10/14/2013

10-14-13 - Oodle's Fast LZ4

Oodle now has a compressor called "LZB" (LZ-Bytewise) which is basically a variant of Yann's LZ4 . A few customers were testing LZNib against LZ4 and snappy and were bothered that it was slower to decode than those (though it offers much more compression and I believe it is usually a better choice of tradeoffs). In any case, OodleLZB is now there for people who care more about speed than ratio.

Oodle LZB has some implementation tricks that could also be applied to LZ4. I thought I'd go through them as an illustration of how you make compressors fast, and to give back to the community since LZ4 is nicely open source.

OodleLZB is 10-20% faster to decode than LZ4. (1900 mb/s vs. 1700 mb/s on lzt99, and 1550 mb/s vs. 1290 mb/s on all_dds). The base LZ4 implementation is not bad, it's in fact very fast and has the obvious optimizations like 8-byte word copies and so on. I'm not gonna talk about fiddly junk like do you do ptr++ or ++ptr , though that stuff can make a difference on some platforms. I want to talk about how you structure a decode loop.

The LZ4 decoder is like this :


U8 * ip; // = compressed input
U8 * op; // = decompressed output

for(;;)
{
    int control = *ip++;

    int lrl = control>>4;
    int ml_control = control&0xF;

    // get excess lrl
    if ( lrl == 0xF ) AddExcess(lrl,ip);

    // copy literals :
    copy_literals(op, ip, lrl);

    ip += lrl;
    op += lrl;

    if ( EOF ) break;

    // get offset
    int offset = *((U16 *)ip);
    ip+=2;

    int ml = ml_control + 4;
    if ( ml_control == 0xF ) AddExcess(ml,ip);

    // copy match :
    if ( overlap )
    {
        copy_match_overlap(op, op - offset, ml );
    }
    else
    {
        copy_match_nooverlap(op, op - offset, ml );
    }

    op += ml;

    if ( EOF ) break;
}

and AddExcess is :

#define AddExcess(val,cp)   do { int b = *cp++; val += b; if ( b != 0xFF ) break; } while(1)

So, how do we speed this up?

The main thing we want to focus on is branches. We want to reduce the number of branches on the most common paths, and we want to make maximum use of the branches that we can't avoid.

There are four branches we want to pay attention to :

1. the checks for control nibbles = 0xF
2. the check for match overlap
3. the check of LRL and match len inside the match copiers
4. the EOF checks

So last one first; the EOF check is the easiest to eliminate and also the least important. On modern chips with good branch prediction, the highly predictable branches like that don't cost much. If you know that your input stream is not corrupted (because you've already checked a CRC of some kind), then you can put the EOF check under one of the rare code cases, like perhaps LRL control = 0xF. Just make the encoder emit that rare code when it hits EOF. On Intel chips that makes almost no speed difference. (if you need to handle corrupted data without crashing, don't do that).

On to the substantial ones.

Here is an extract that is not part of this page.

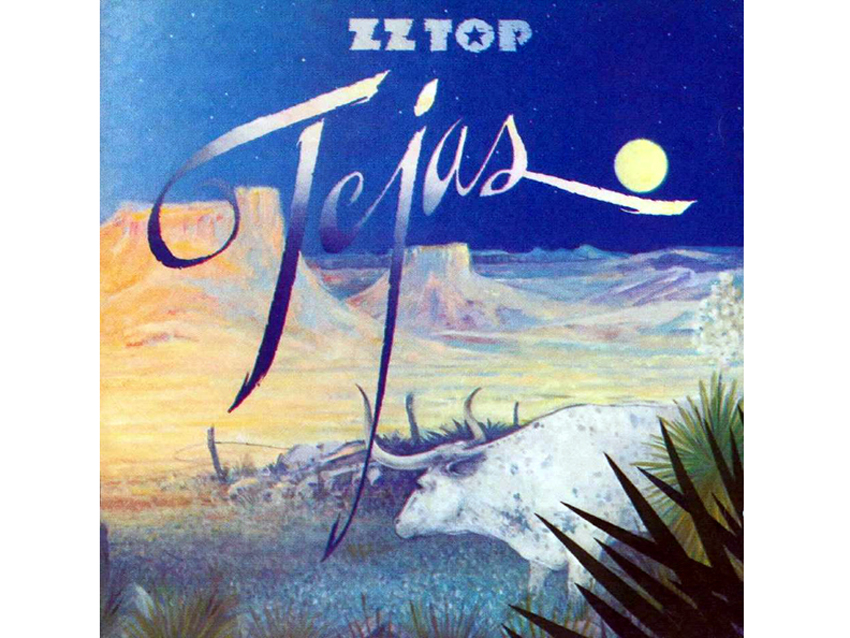 Tejas (1976)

Note that branch #3 is hidden inside "copy_literals" and "copy_match". copy_literals is something like :


for(int i=0;i<lrl;i+=8)
{
    *((U64 *)(dest+i)) = *((U64 *)(src+i));
}

(the exact way to do copy_literals quickly depends on your platform; in particular are offset-addresses free? and are unaligned loads fast? Depending on those, you would write the loop in different ways.)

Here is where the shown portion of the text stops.